The kit lay on my shelves untouched for more some seven years until a couple of months ago I decided its time had come.

The Kit

The first impression you get when opening the box is one of 'chunkiness'. In fact the parts are all pretty thick and strong but, on the other hand, they are all very cleanly moulded with no traces of flash.

Quality of moulding aside, the kit has many dimensional inaccuracies: in fact the alleged scale of 1/72 is but a guide since it scales out at about between 1/61 and 1/66, according to the published dimensions in the FMP books quoted in the references section (both give slightly different dimensions for the same aircraft, though).

Still this is the only kit of this aircraft on the market and when finished I do believe it looks like an Anasal as you can see for yourself when comparing the model photos to the photos of the real thing that is hanging from the ceiling at the Prague's Technological Museum.

The first thing I did before starting the assembly was to try to thin the trailling edges of the wings which are a perfect example of the kit's chunkiness.
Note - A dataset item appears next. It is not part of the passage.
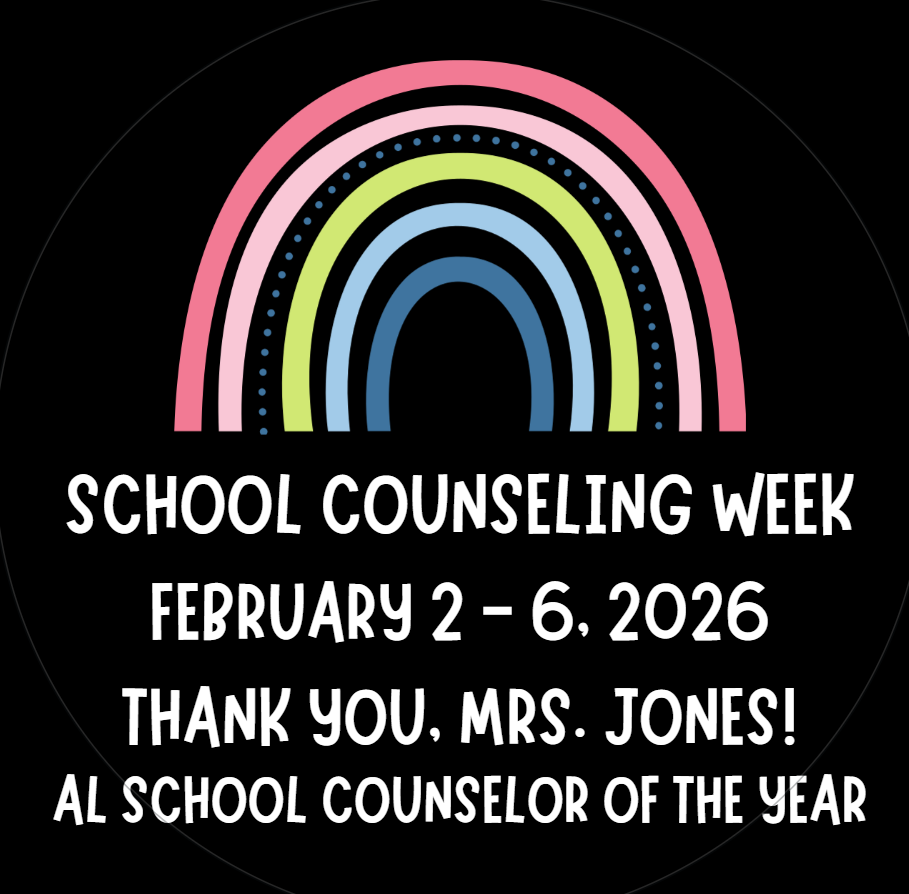 School Counseling Week 2026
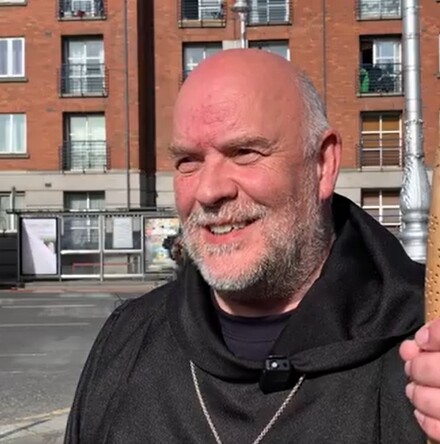 A pilgrim&rsquo;s walk to Dublin with Stephen McWhirter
This is very hard to do, the more so since the trailing edges are scalloped. Using wet and dry rolled over a brush handle I managed to achieve some thinning out but the result is far from perfect.

As usual I started the construction by the cockpit and the only addition I did to the kit parts was to glue a side structure to the cockpit walls made of thin styrene strip. The original being of wooden construction meant that all the cockpit should be painted in wood shades and this I did using my wood replicating method which I will explain later in this article. In a feature in Scale Models International the author had chosen not to detail the front cockpit (that of the pilot) on the assumption that it would be hidden by the top wing and I followed his advice, though I think he wasn't completely right. Anyway, the only thing I would really change in the cockpits would be the seats, and then again I don't believe the seats on my model look that bad, after the addition of seat belts cut from masking tape.

The fuselage was then closed and this follows a very unorthodox path since the fuselage is made out of three parts : two side/bottom and one top piece. This eliminates the problem of having to hide the main longitudinal central seam but in turns creates two side seams that were particularly difficult to deal with at the front end of the fuselage since the fit of the top part was pretty bad. Careful sanding (there is some louvre detail here that needs to be protected) and a touch of milliput did the trick, though.

The bottom wing and tailplane was then glued into place and I was ready to start painting.

I was not very happy with the painting options given in the instruction sheet and I was contemplating doing a Russian aircraft in wood / silver / CDL finish as per a profile in the book "The Imperial Russian Air Service", published by FMP. Answering a question regarding painting schemes that I had put over the WW1 modeling list a friend from Poland answered that what I should do was one in a Polish scheme, and he directed me to a site full of very interesting information on which a picture and profile of the "Red Centaur" immediately grabbed my attention . From then on I knew what my Anasal would look like !

There was a problem though: the Polish aircraft had a different cowling/exhaust/radiator arrangement than that in the kit so I was in for some conversion work. Also there was the problem of the Polish markings to sort out, but this was meanwhile being taken care of by the Polish friends of the WW1 modeling list who were more than helpful and generous and for whose co-operation I'm greatly indebted.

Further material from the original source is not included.